Background Diabetic kidney disease (DKD) is the leading cause of renal failure. Diabetic patients with microalbuminuria typically progress to proteinuria and overt diabetic nephropathy. Nesfatin-1 is an anoretic polypeptide with potent metabolic regulatory effects and its circulating levels are shown to be elevated in type 2 diabetes mellitus (T2 DM). Nesfatin-1 may be involved in the pathogenesis of DKD through inflammatory mechanisms. The aim of the work was to study the relation between plasma nesfatin-1 levels and different grades of DKD in patients with T2 DM.
Patients and methods This study was conducted on 120 patients with T2 DM and 20 controls selected from the inpatient department and outpatient clinics of the Internal Medicine Department in Menoufia University Hospital. The selected individuals were grouped into four groups: group 1 included 20 healthy individuals, group 2 included 40 patients with T2 DM with normoalbuminuria, group 3 included 40 patients with T2 DM with microalbuminuria, and group 4 included 40 patients with T2 DM with macroalbuminuria. Members of the study were subjected to thorough history with special emphasis on age, sex, and duration of the DM. Investigations included fasting blood glucose, glycosylated hemoglobin, complete urine analysis, serum creatinine, urine albumin–creatinine ratio, estimated glomerular filtration rate, and plasma nesfatin-1.
Results Plasma nesfatin-1 was significantly higher in group 4 compared with other groups, in group 3 compared with groups 1 and 2, and in group 2 compared with group 1. There was a positive significant correlation between plasma nesfatin-1 and serum creatinine, urine albumin–creatinine ratio, and glycosylated hemoglobin and negative significant correlation between plasma nesfatin-1 and estimated glomerular filtration rate in the studied diabetic patients. There was no correlation between plasma nesfatin-1 and BMI and duration of diabetes in the diabetic patients.
Conclusion From this study, we can conclude that plasma nesfatin-1 is significantly higher in patients with DKD, and there is a positive correlation between plasma nefatin-1 level and the grades of DKD. So, plasma nesfatin-1 may be considered for prediction of developing DKD in a previously unaffected patients with DM.

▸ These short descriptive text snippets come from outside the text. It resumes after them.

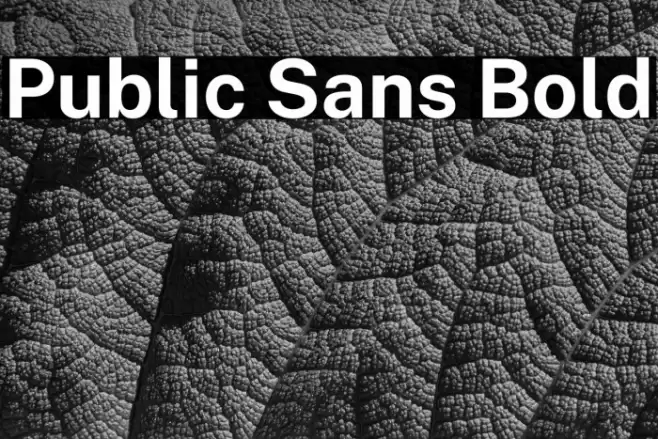Public Sans Bold Font examples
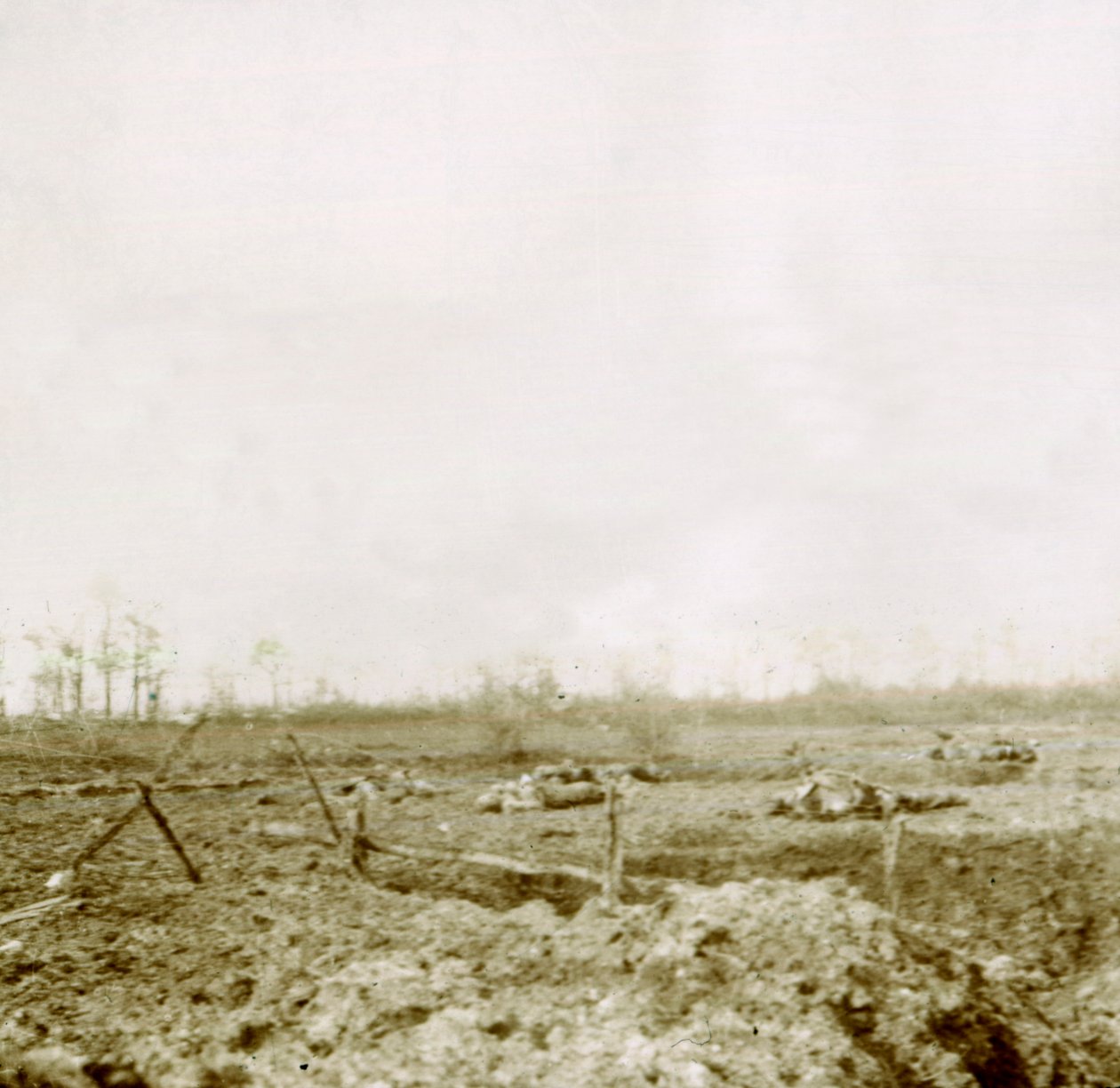 Liker etter angrep, c1914-c1918 av Unbekannt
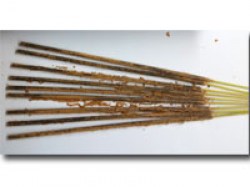 Special Jagannath пахощі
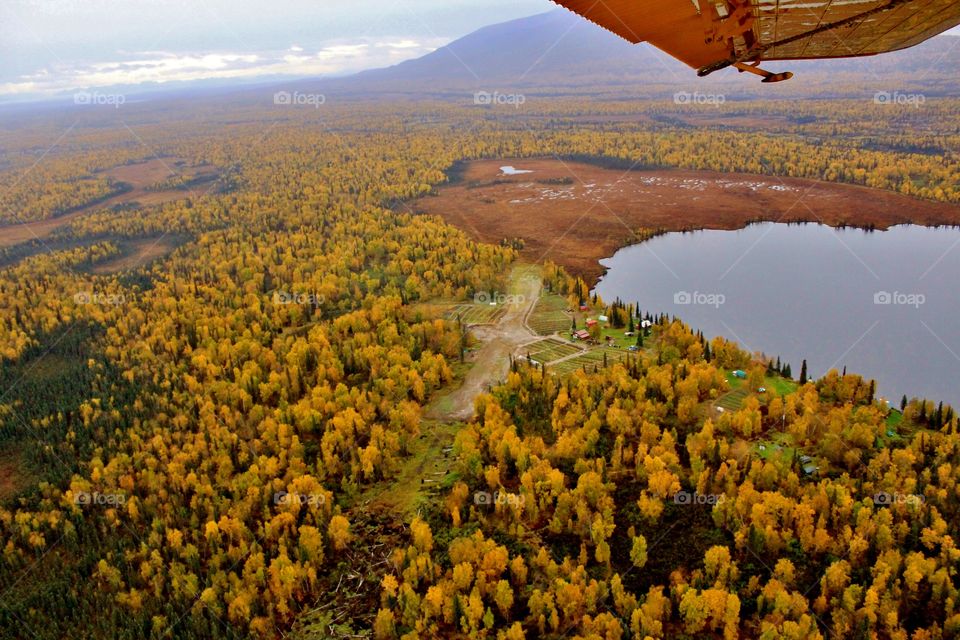 Alaskan Farm in the Fall from the Air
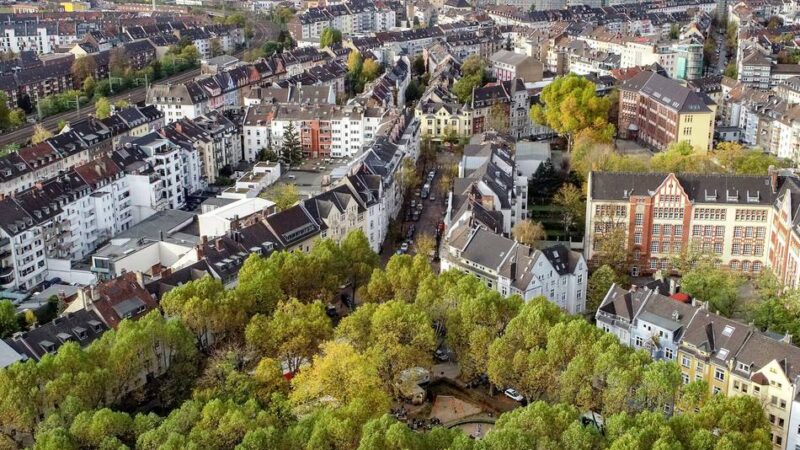 Neue Förderung möglich: Düsseldorf soll grüner werden – Aktion zur Entsiegelung startet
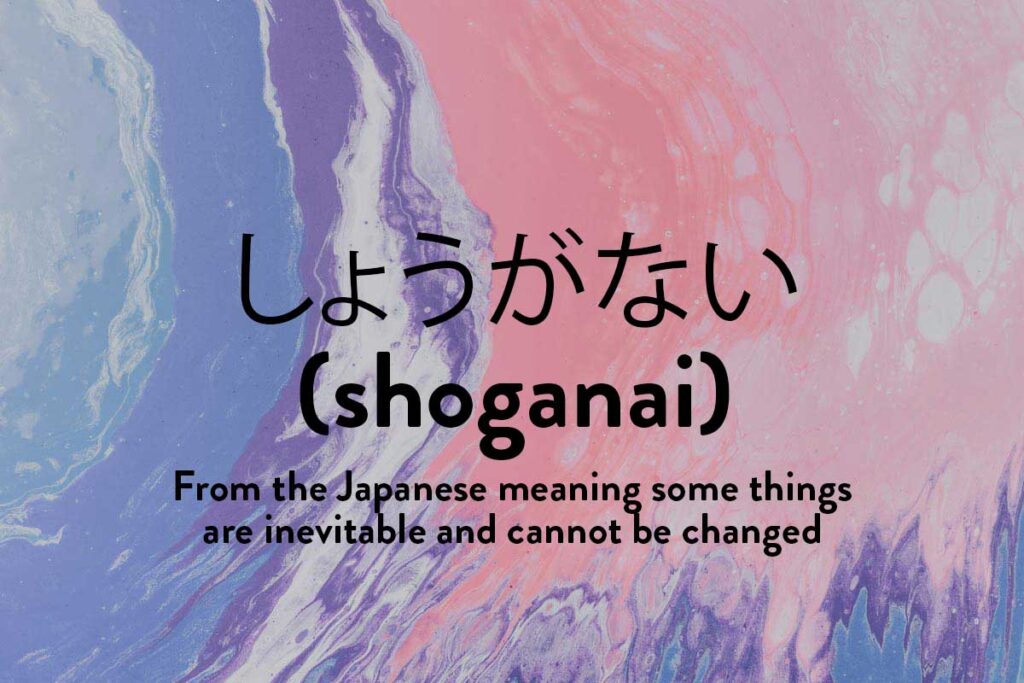 Shoganai translates roughly to inspirational words in other languages about how some things are inevitable   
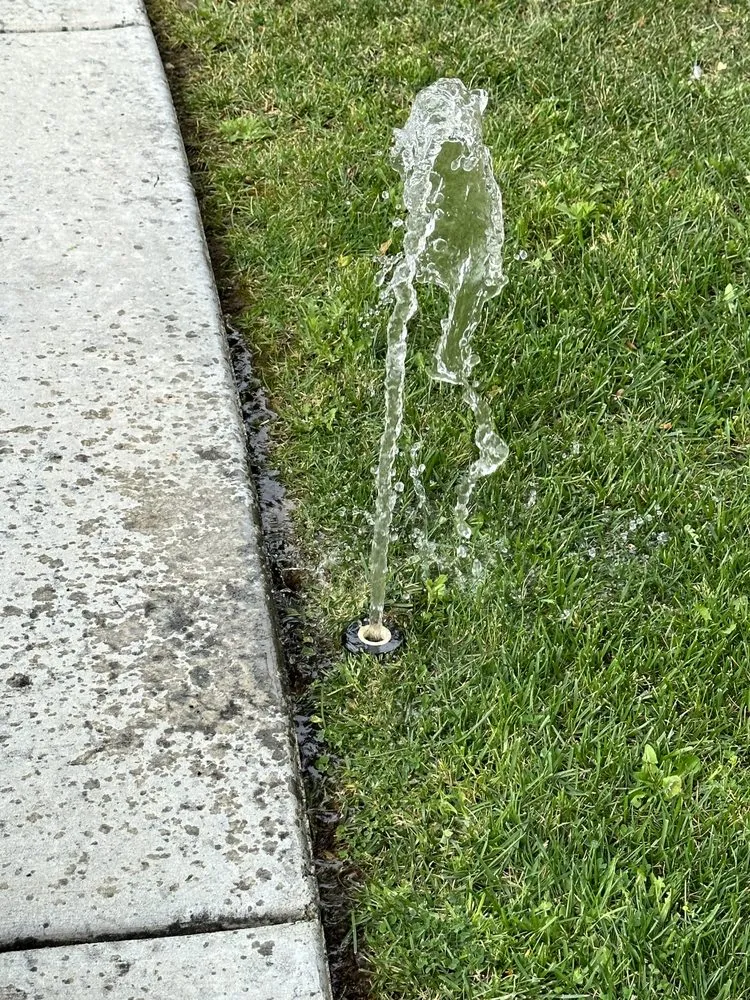 Local lawn mowing service experts serving Escondido, CA - Silverio Landscaping Services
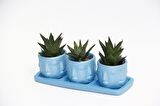 TRİO MAVİ ADLER SUKULENT SETİ - Haworthia Limifolia, Pumila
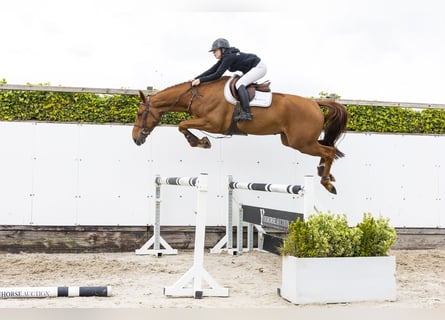 Zangersheide, Caballo castrado, 5 años, 173 cm, Alazán
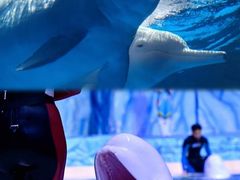 -珠海长隆海洋王国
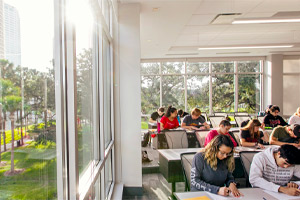 students studying in ICB 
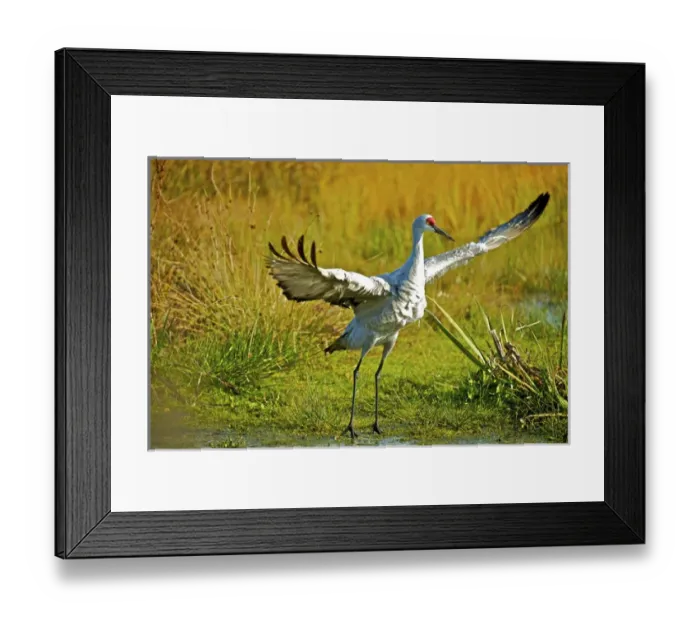 Framed Print : Sandhill crane, Grus canadensis taking flight Framed Print : Sandhill crane, Grus canadensis taking flight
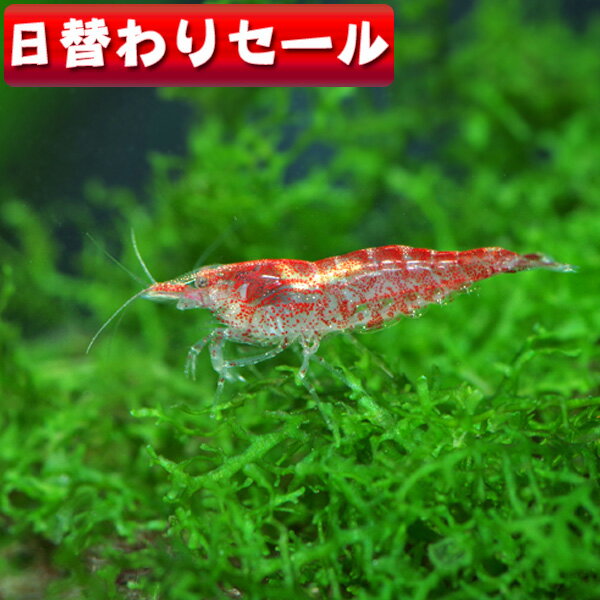 (熱帯魚 生体)( 日替わり限定)レッドチェリーシュリンプ　（約1.5cm）（6匹）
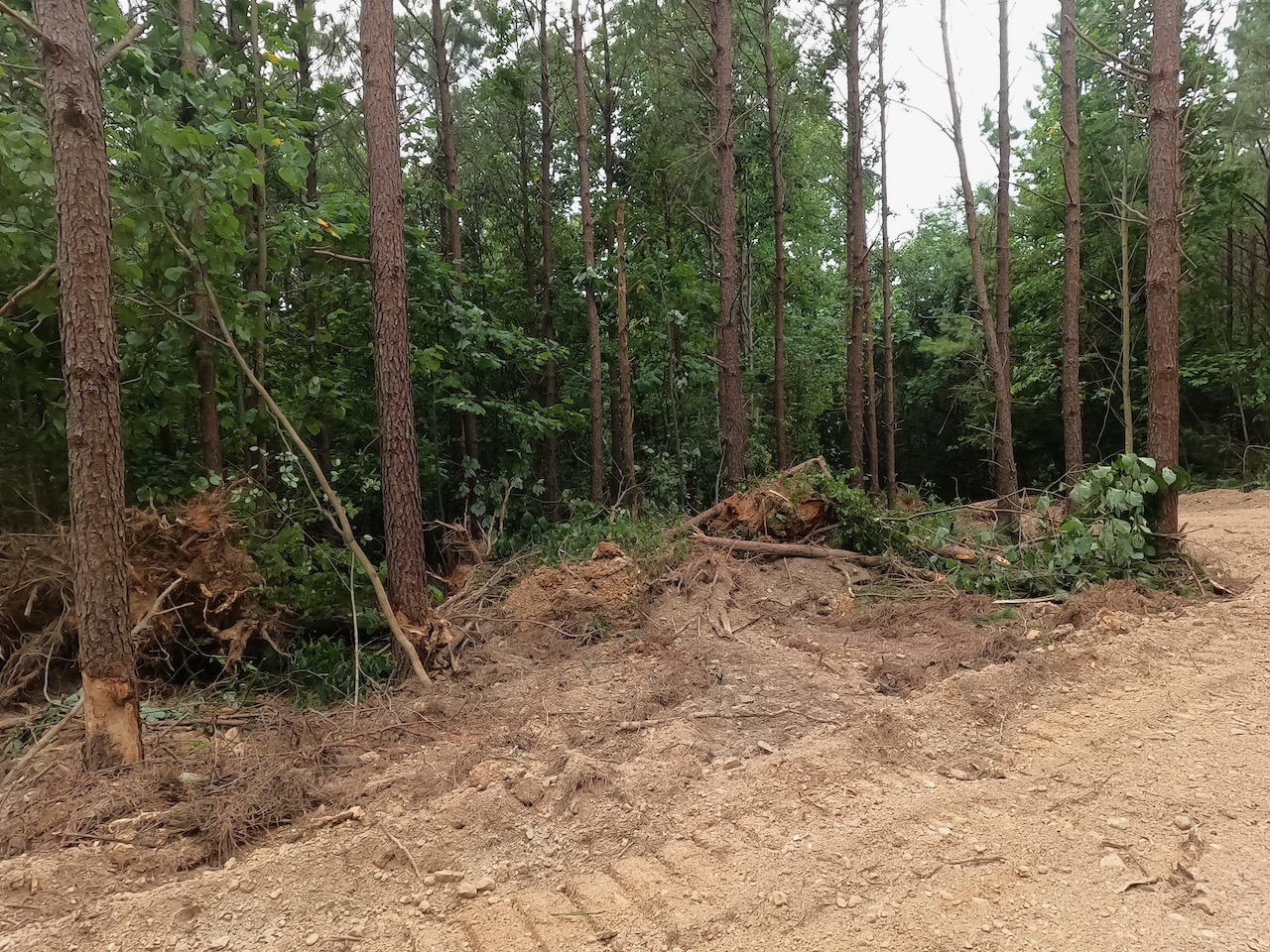 Unrestricted Land For Sale In TN On A Private Road APTR08 LandStruck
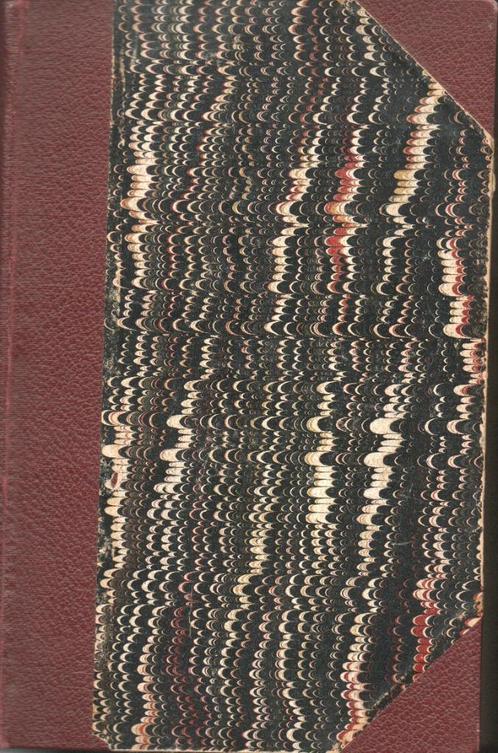 DE DESEM EN HET BROOD - DAAN MEESTERS, Boeken, Romans, Gelezen, België, Ophalen of Verzenden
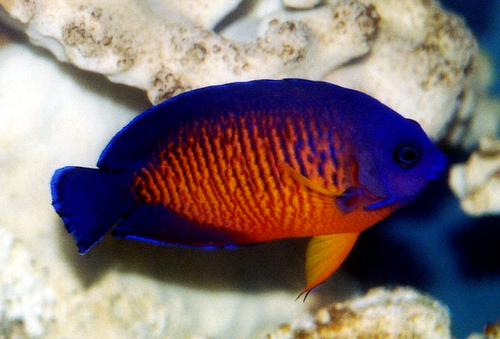 Coral Beauty Angelfish for Saltwater Aquariums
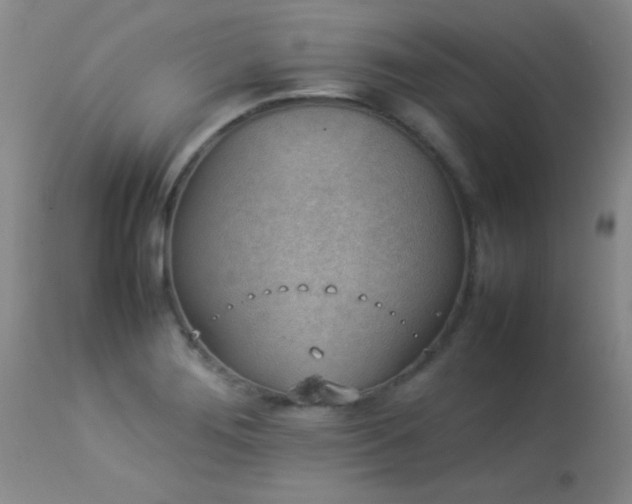 X0000114221276200910091339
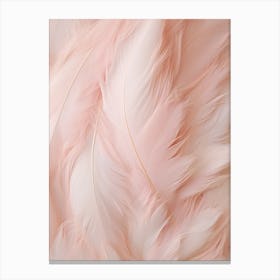 Pink Boho Feather 4 Canvas Print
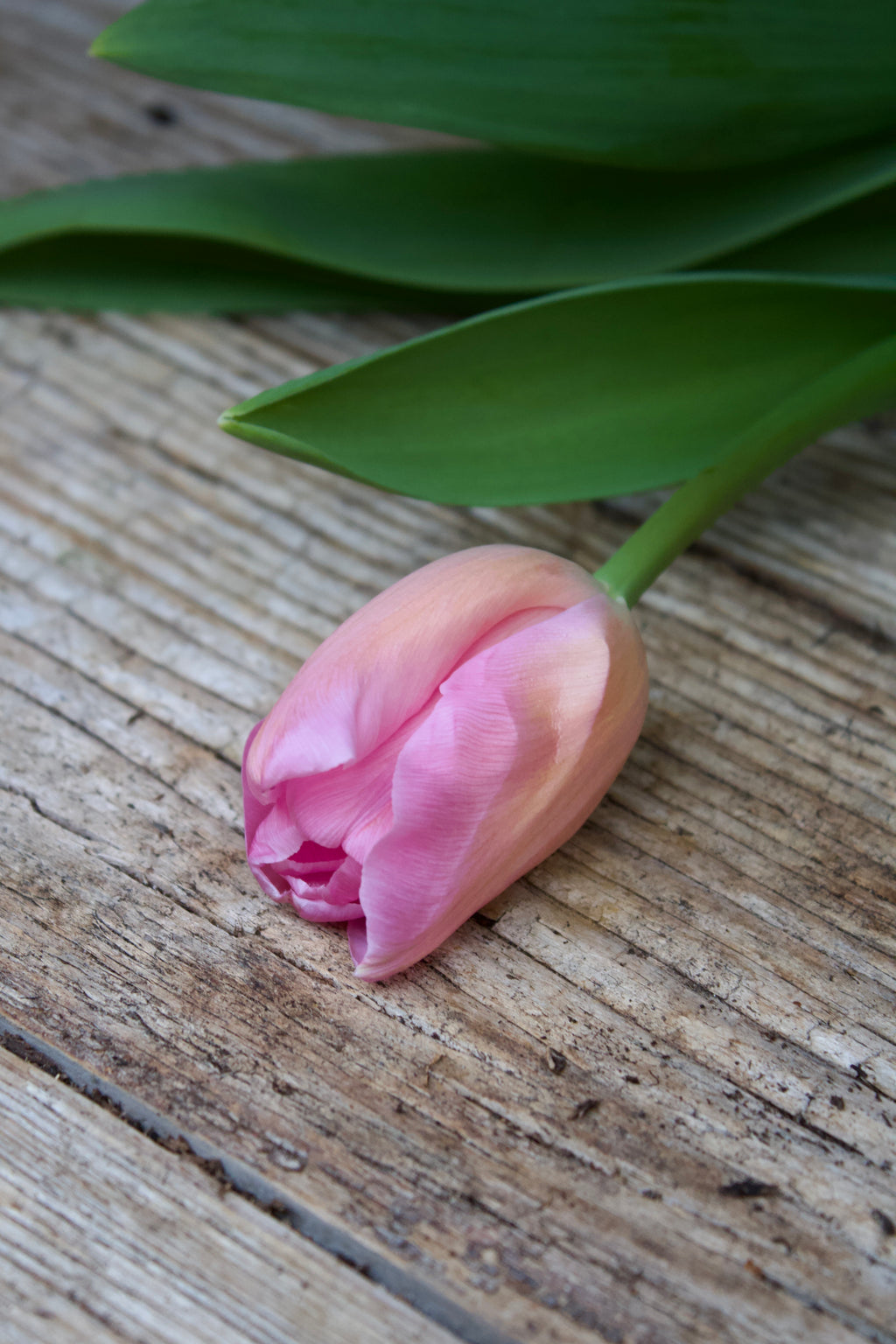 Tulipa 'Don Quichotte' 11/12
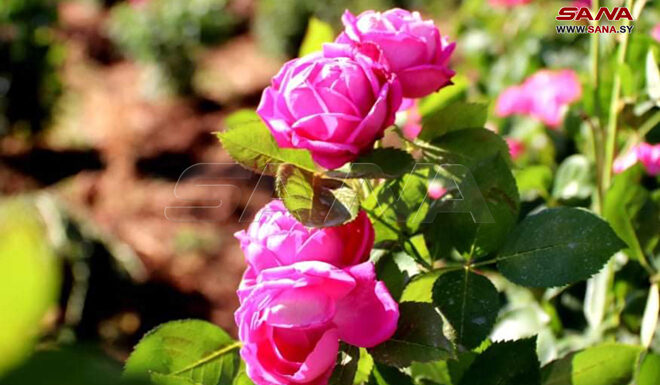 Aumenta el cultivo de la Rosa de Damasco, la reina de las flores, en Hama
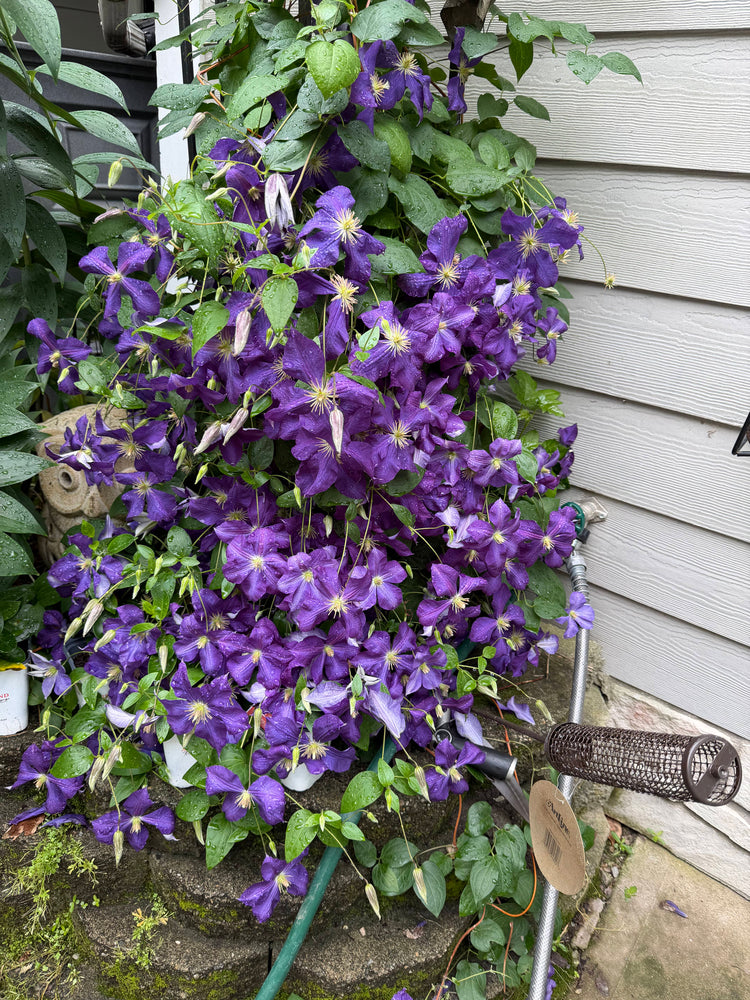 Purple blooms in a local garden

Keywords: diabetic kidney disease, plasma nesfatin-1, type 2 diabetes mellitus


How to cite this article:
Korani MA, Sonbol A. The relation between plasma levels of nesfatin-1 and different grades of diabetic kidney disease in patients with type 2 diabetes. Egypt J Intern Med 2018;30:68-71

How to cite this URL:
Korani MA, Sonbol A. The relation between plasma levels of nesfatin-1 and different grades of diabetic kidney disease in patients with type 2 diabetes. Egypt J Intern Med [serial online] 2018 [cited 2018 Dec 17];30:68-71. Available from: http://www.esim.eg.net/text.asp?2018/30/2/68/237578




  Introduction Top


Nesfatin-1 is an 82 amino-acid length polypeptide derived from calcium and DNA-binding protein NUCB2 [1].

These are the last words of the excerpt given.